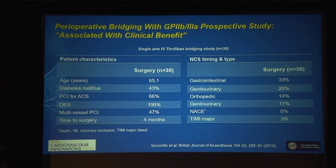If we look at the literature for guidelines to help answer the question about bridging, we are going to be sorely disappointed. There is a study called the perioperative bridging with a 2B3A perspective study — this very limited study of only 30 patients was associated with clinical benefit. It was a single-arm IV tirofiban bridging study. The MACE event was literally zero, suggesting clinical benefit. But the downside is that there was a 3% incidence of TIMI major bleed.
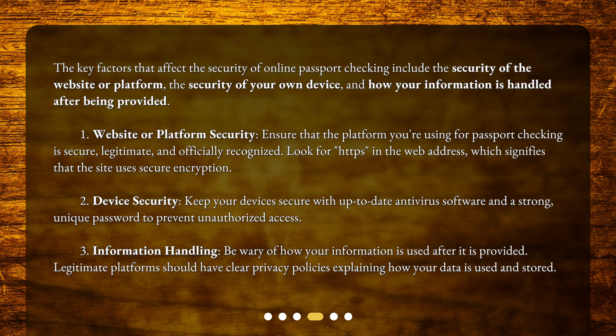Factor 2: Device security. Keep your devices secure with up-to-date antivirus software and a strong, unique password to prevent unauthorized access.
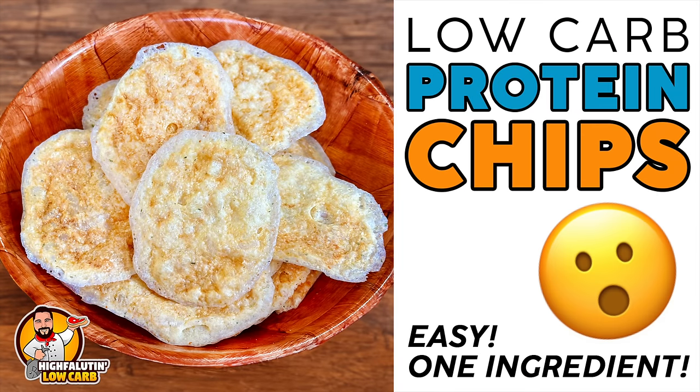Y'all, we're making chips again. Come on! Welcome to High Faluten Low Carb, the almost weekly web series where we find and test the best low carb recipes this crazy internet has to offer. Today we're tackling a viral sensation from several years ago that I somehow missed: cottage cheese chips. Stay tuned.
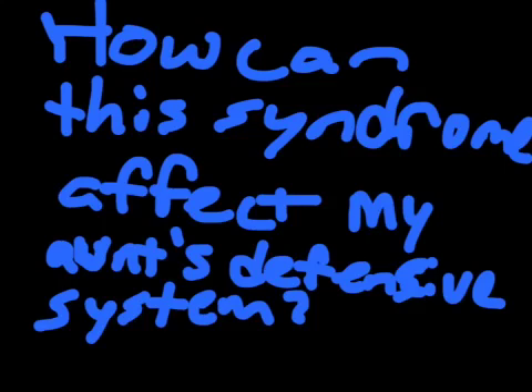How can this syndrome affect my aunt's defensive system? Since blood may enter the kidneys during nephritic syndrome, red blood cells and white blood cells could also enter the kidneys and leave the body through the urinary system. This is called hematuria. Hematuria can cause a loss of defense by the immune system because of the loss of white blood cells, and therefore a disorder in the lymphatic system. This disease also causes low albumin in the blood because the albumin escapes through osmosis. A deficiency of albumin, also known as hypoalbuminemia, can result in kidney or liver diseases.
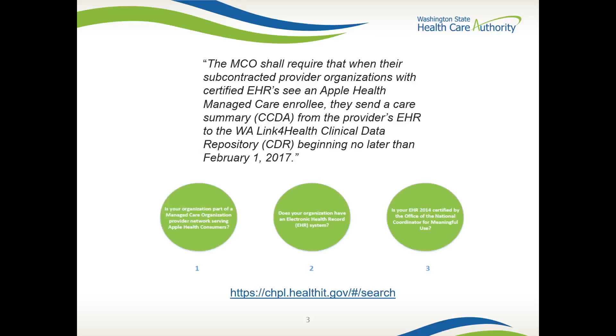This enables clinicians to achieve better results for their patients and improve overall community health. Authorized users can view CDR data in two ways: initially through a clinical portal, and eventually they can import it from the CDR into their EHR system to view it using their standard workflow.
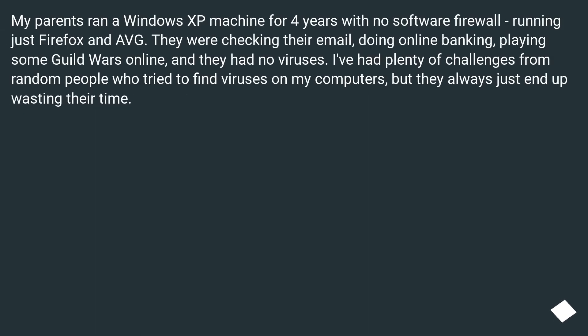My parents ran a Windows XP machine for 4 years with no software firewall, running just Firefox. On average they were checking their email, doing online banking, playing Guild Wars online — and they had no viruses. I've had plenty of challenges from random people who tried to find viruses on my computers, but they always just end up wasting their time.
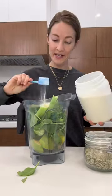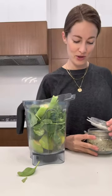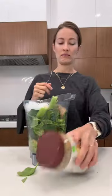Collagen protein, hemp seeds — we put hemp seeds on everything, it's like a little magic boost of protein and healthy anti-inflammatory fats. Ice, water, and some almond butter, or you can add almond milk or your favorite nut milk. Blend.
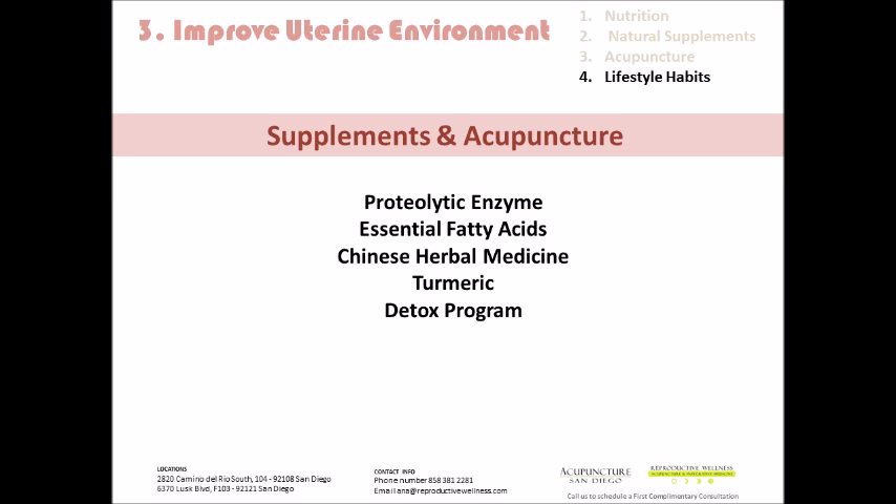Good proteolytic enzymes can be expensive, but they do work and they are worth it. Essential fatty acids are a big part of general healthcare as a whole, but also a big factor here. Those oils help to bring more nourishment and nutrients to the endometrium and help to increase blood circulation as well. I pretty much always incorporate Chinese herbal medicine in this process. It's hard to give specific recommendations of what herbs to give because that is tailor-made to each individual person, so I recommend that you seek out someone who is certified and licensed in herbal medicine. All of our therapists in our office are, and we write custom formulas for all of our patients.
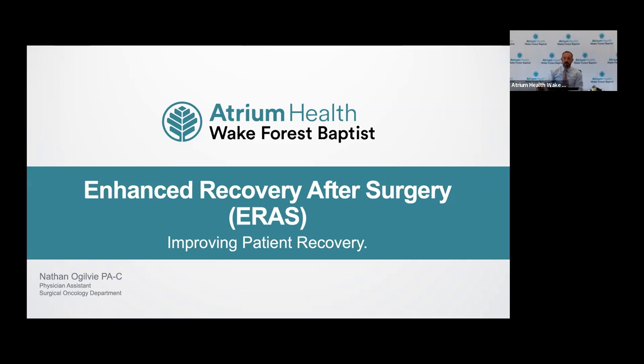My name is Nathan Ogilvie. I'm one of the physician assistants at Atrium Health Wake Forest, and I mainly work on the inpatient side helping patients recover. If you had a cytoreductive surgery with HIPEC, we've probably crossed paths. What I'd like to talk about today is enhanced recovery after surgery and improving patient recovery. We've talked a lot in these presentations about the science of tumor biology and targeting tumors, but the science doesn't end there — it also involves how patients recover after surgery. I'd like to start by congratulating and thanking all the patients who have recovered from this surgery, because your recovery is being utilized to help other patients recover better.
____________________
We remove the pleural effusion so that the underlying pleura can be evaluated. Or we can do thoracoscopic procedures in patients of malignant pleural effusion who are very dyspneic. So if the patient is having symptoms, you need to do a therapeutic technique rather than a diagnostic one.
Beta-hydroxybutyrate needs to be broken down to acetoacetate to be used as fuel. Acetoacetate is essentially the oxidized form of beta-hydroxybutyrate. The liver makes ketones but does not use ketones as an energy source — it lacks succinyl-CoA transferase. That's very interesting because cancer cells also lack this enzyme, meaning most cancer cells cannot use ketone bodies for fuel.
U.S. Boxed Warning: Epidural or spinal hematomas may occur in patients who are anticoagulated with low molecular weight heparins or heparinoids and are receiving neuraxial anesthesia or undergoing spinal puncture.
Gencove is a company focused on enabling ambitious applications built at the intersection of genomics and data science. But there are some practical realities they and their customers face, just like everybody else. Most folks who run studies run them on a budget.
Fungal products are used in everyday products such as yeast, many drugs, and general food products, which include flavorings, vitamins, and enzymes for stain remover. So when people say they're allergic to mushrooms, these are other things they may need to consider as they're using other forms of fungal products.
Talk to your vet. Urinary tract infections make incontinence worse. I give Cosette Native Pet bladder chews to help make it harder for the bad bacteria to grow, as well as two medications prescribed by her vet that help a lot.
____________________
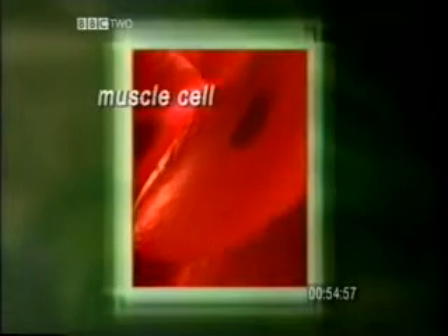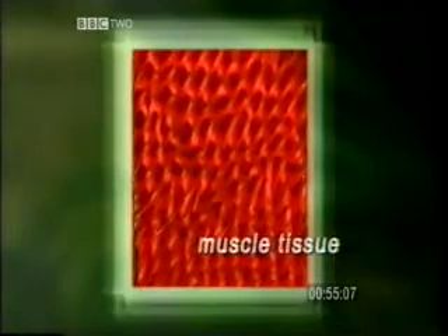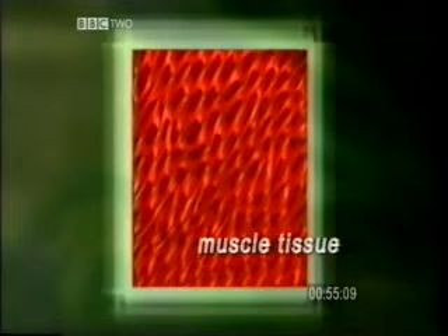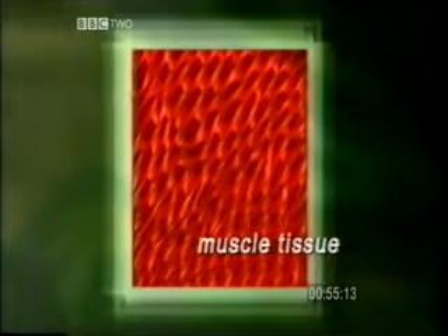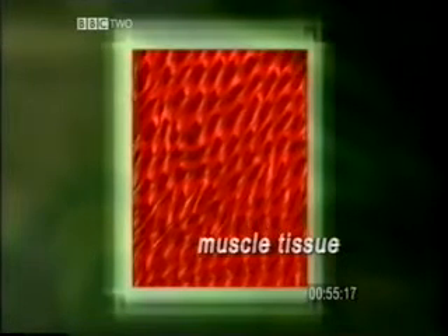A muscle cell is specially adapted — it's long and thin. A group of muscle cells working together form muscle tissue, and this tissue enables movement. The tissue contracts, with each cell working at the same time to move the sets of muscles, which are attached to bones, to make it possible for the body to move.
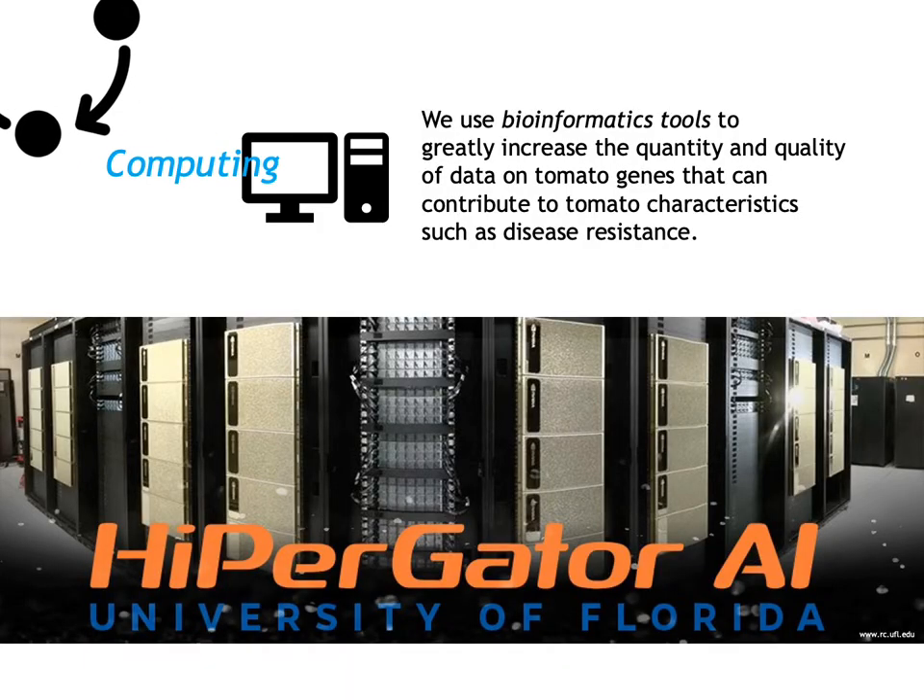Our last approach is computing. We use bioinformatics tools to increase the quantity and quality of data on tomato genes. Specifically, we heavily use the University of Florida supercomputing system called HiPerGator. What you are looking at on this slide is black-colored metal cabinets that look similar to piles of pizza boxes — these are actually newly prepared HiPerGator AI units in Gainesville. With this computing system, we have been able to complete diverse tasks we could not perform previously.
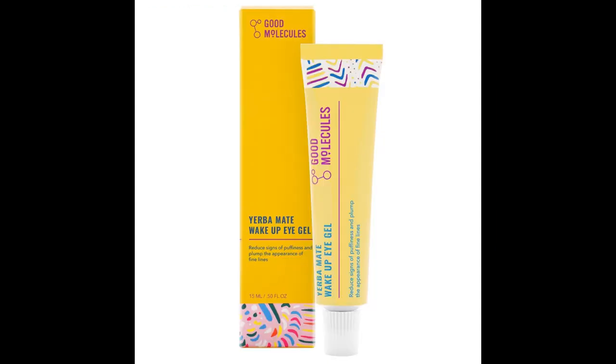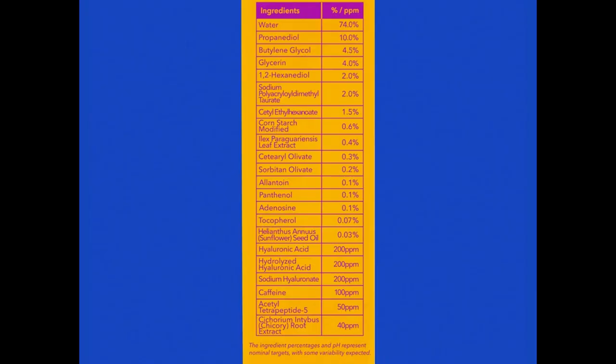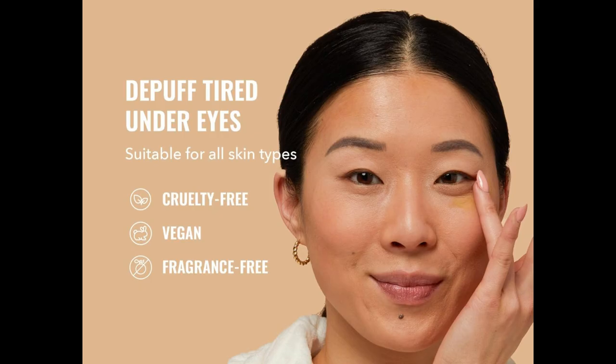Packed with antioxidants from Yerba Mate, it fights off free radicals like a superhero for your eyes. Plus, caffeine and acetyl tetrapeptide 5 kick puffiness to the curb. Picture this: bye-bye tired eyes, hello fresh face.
____________________
→ EXERCISE DESCRIPTION: In the listing above, find the line with "Factor 2: Device" and the line with "Collagen protein, hemp". Set down exactly those lines and everything between them, skipping pictures.

→ ANSWER SECTION:
Factor 2: Device security. Keep your devices secure with up-to-date antivirus software and a strong, unique password to prevent unauthorized access.
Y'all, we're making chips again. Come on! Welcome to High Faluten Low Carb, the almost weekly web series where we find and test the best low carb recipes this crazy internet has to offer. Today we're tackling a viral sensation from several years ago that I somehow missed: cottage cheese chips. Stay tuned.
How can this syndrome affect my aunt's defensive system? Since blood may enter the kidneys during nephritic syndrome, red blood cells and white blood cells could also enter the kidneys and leave the body through the urinary system. This is called hematuria. Hematuria can cause a loss of defense by the immune system because of the loss of white blood cells, and therefore a disorder in the lymphatic system. This disease also causes low albumin in the blood because the albumin escapes through osmosis. A deficiency of albumin, also known as hypoalbuminemia, can result in kidney or liver diseases.
This enables clinicians to achieve better results for their patients and improve overall community health. Authorized users can view CDR data in two ways: initially through a clinical portal, and eventually they can import it from the CDR into their EHR system to view it using their standard workflow.
My parents ran a Windows XP machine for 4 years with no software firewall, running just Firefox. On average they were checking their email, doing online banking, playing Guild Wars online — and they had no viruses. I've had plenty of challenges from random people who tried to find viruses on my computers, but they always just end up wasting their time.
Collagen protein, hemp seeds — we put hemp seeds on everything, it's like a little magic boost of protein and healthy anti-inflammatory fats. Ice, water, and some almond butter, or you can add almond milk or your favorite nut milk. Blend.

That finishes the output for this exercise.